-- PROVIDED RECORDS follows --

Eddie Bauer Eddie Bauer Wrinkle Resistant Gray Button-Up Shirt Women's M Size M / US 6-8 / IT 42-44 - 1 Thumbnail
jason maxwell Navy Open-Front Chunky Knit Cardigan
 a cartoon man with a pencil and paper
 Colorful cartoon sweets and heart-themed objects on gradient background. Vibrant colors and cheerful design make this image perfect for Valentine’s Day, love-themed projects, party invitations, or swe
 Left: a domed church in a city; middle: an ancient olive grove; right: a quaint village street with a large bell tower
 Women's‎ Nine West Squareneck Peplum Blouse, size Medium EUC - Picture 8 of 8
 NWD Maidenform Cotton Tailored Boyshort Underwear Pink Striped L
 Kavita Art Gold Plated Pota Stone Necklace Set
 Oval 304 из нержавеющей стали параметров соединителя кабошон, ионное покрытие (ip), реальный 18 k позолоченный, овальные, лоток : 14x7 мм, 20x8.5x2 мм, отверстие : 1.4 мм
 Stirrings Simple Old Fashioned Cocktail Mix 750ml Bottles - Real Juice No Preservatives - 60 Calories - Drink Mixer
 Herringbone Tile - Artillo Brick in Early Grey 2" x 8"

-- PROVIDED RECORDS concluded --

— TASK PROMPT —
Nothing but the lines from the one with "Oval 304 из" through the final line of the records may appear in the answer, and each must be transcribed exactly.

— OUTPUT OF THE EXERCISE —
 Oval 304 из нержавеющей стали параметров соединителя кабошон, ионное покрытие (ip), реальный 18 k позолоченный, овальные, лоток : 14x7 мм, 20x8.5x2 мм, отверстие : 1.4 мм
 Stirrings Simple Old Fashioned Cocktail Mix 750ml Bottles - Real Juice No Preservatives - 60 Calories - Drink Mixer
 Herringbone Tile - Artillo Brick in Early Grey 2" x 8"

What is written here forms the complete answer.